Records provided Start Marker
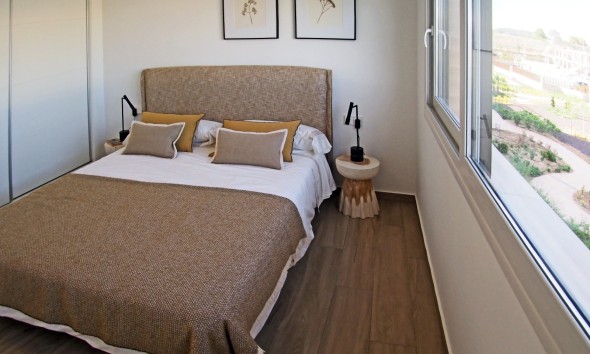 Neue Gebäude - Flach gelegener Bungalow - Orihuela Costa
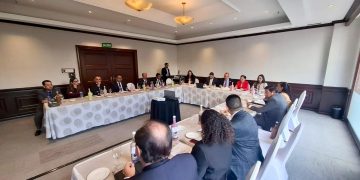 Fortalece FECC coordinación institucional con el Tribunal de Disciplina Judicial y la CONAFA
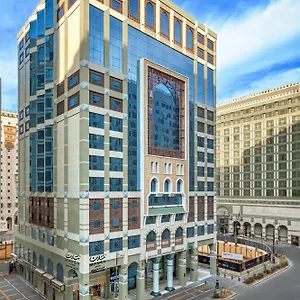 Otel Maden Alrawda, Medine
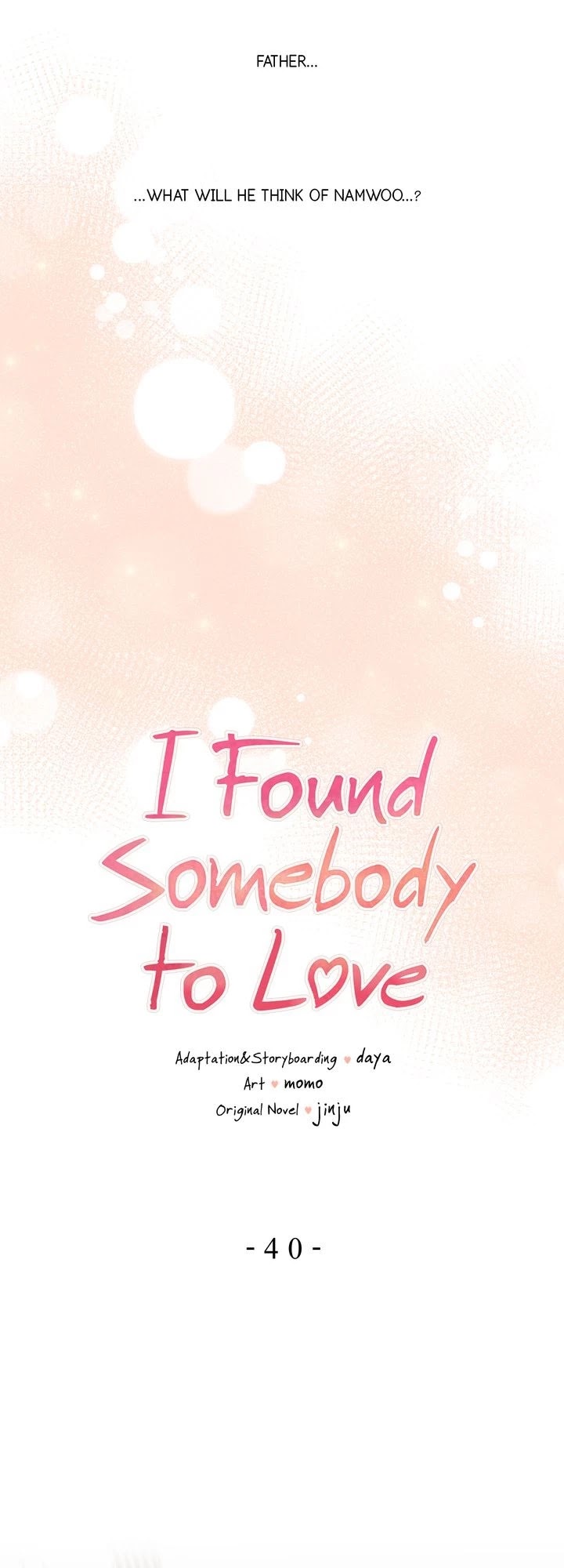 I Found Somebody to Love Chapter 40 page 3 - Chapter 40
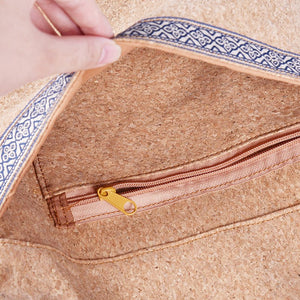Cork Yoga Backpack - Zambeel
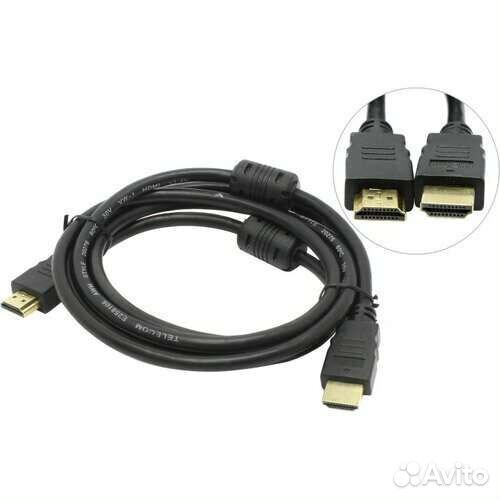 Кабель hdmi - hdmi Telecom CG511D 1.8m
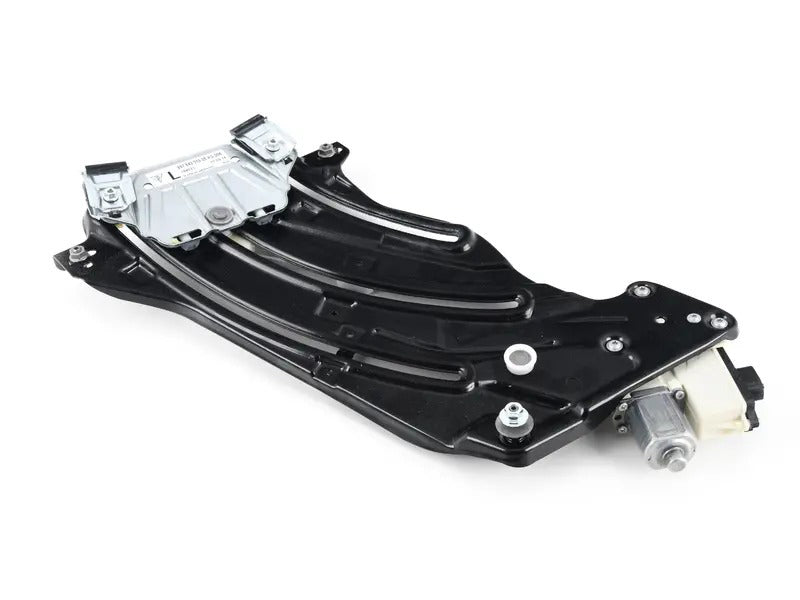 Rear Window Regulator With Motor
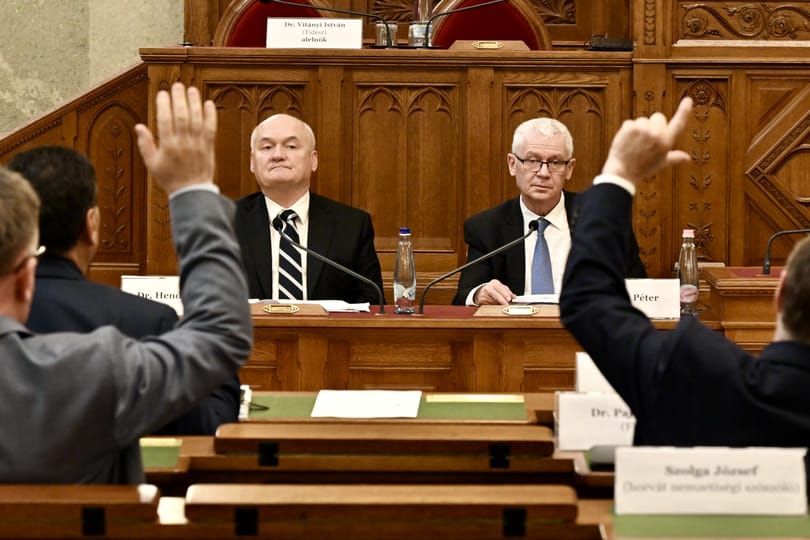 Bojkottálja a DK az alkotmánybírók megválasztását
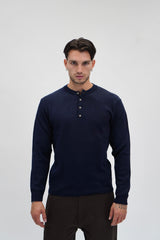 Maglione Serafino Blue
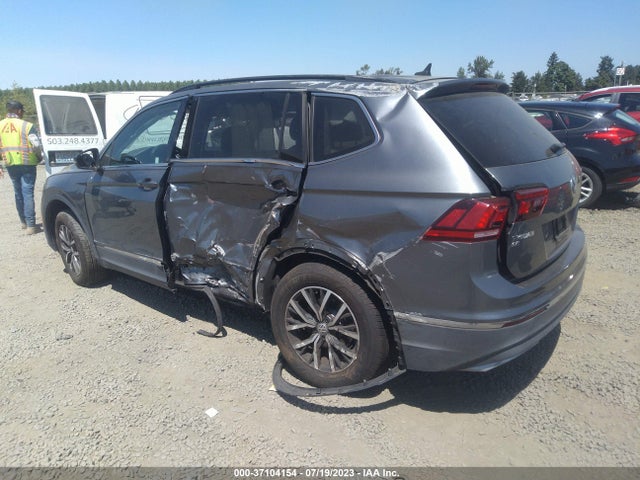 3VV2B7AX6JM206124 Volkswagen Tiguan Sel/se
Records provided End Marker
Records provided Start Marker
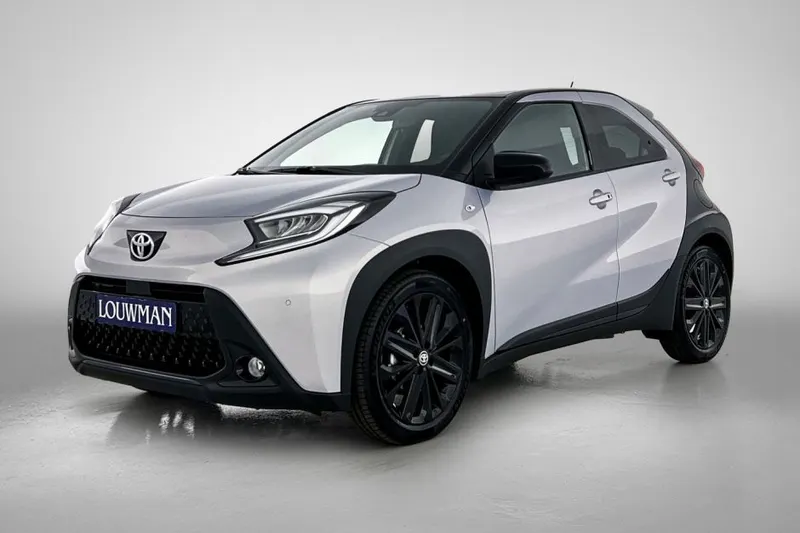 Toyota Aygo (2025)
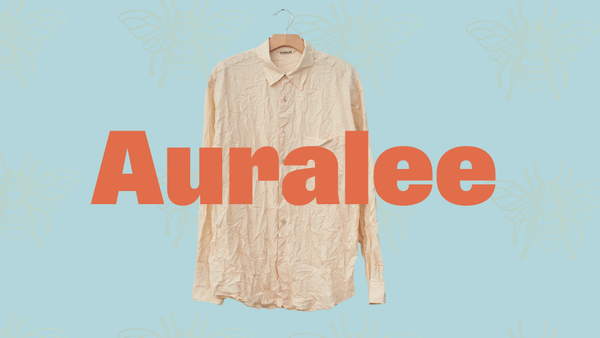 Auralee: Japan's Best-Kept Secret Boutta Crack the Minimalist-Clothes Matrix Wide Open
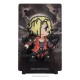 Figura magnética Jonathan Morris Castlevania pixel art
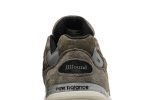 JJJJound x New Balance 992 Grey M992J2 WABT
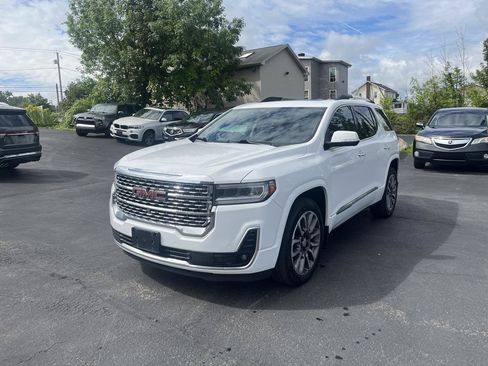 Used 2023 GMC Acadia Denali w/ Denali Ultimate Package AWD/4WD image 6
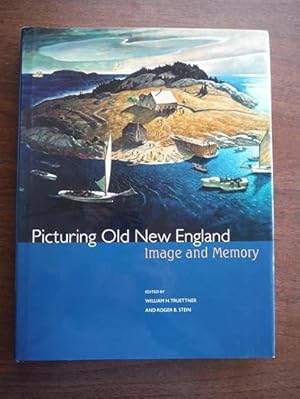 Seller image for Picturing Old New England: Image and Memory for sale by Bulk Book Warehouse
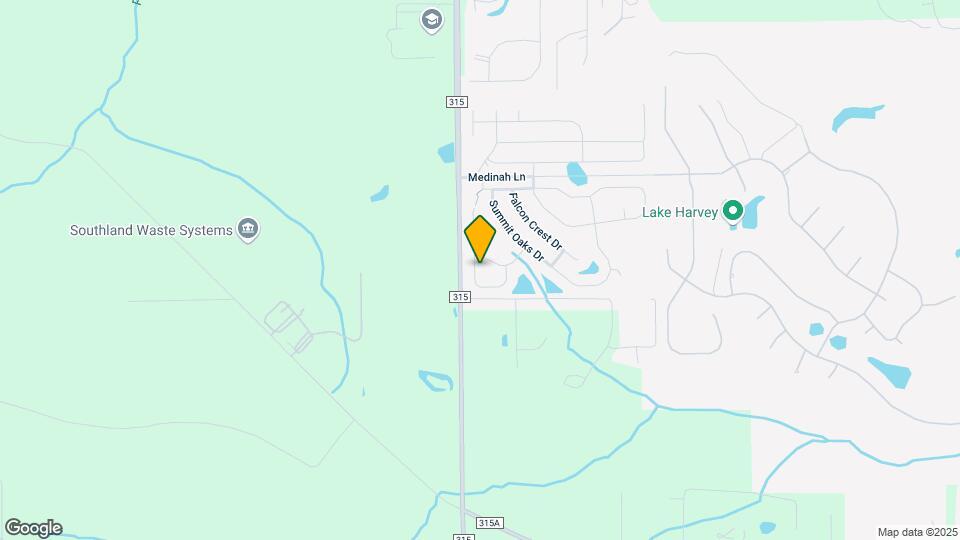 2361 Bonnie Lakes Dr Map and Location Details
Records provided End Marker
Output exactly the lines above that lie between the line with "Neue Gebäude - Flach" and the line with "Rear Window Regulator With Motor", those two lines included, and no pictures.

 Neue Gebäude - Flach gelegener Bungalow - Orihuela Costa
 Fortalece FECC coordinación institucional con el Tribunal de Disciplina Judicial y la CONAFA
 Otel Maden Alrawda, Medine
 I Found Somebody to Love Chapter 40 page 3 - Chapter 40
Cork Yoga Backpack - Zambeel
 Кабель hdmi - hdmi Telecom CG511D 1.8m
 Rear Window Regulator With Motor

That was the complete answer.